What are differentials?
Differentials (or data / benchmark differentials) compare compensation between locations, for a selection of jobs, levels, and industries. They are presented as a percentage difference relative to an anchor (reference) location a user selects. For example the entire US can be compared to New York for all Engineering jobs.
How are differentials calculated?
The following methodology is applied:
- Apply job, level, industry, and location filters.
- Calculate the median salary (benchmark) for the anchor (reference) location, for each of the levels selected.
- Calculate the median salary (benchmark) for each selected location and for each of the levels selected.

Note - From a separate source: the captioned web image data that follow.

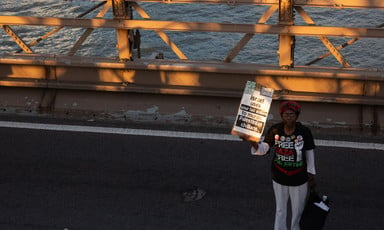 A woman stands alone with a placard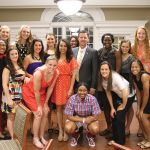 Chancellor Falwell celebrates with the Lady Flames basketball team during an awards banquet.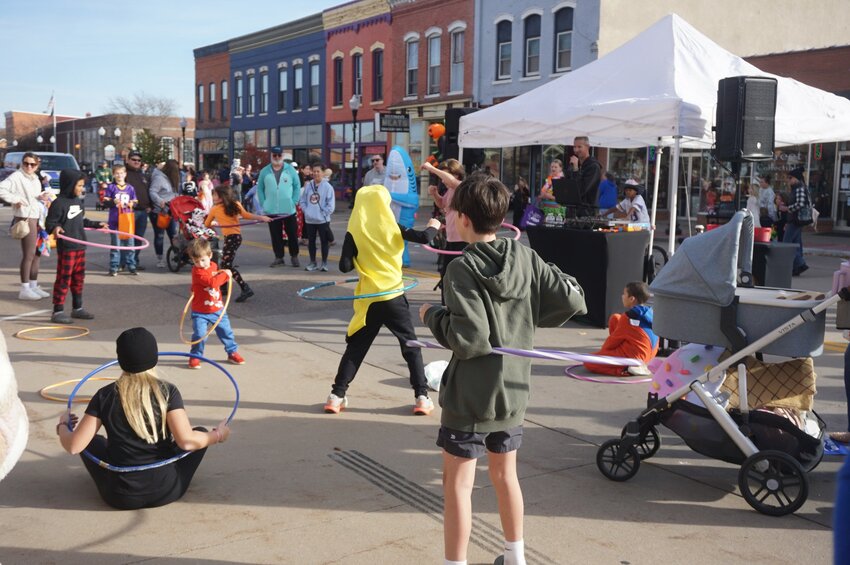 Costumed children played games and ran from stall to stall collecting candy during the Halloween Candy Crawl.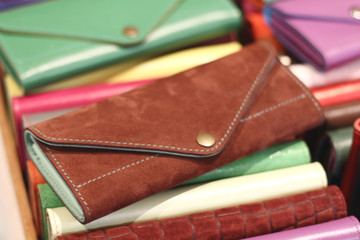 Multicolored leather wallets and covers on the counter in the store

- Divide each level + location benchmark by the equivalent benchmark for the anchor location, where there is data available for a level, for a location and an anchor.
- Take the average of all matching combinations.
Note - where a selected or anchor location does not have data for a selected level, this will be excluded from the calculation. If a user hovers over a location in the differentials chart, the tool will highlight and levels which have been excluded from the calculation.
Example tooltip showing levels excluded from the differential calculation in the Philippines.
Are differentials based on mean or median salaries?
Differentials are based on the median salary for matching incumbents in each selection.
Are differentials adjusted/normalized to reflect the Employee Count in each location?
Differentials are not adjusted for Employee Count in each location.
Differentials are normalized for level, where there is sufficient data for a level in a location.
While Differentials are simple to understand, they are sensitive to the distribution of data available at each location selection, including the spread of different jobs in different locations.
For a normalized differential, consider Smart Differentials. These provide a model estimated differential, which is normalized across selected jobs and levels.
What if there is no data or very limited coverage for a job in a location I am interested in?
If there is no data for a job in a location you have selected, then this job will not be included in the differential. The differential will be based on the remaining jobs which do have coverage in that location.
In these circumstances, consider Smart Differentials. These provide a model estimated differential, which reflects all jobs and locations even if there is no survey data available for a job in a location. This is helpful for hiring in areas like new or emerging markets where there is little existing data.
Are Data Dominance and Suppression applied to differentials?
Yes - Data Dominance and Suppression rules are applied to data differentials.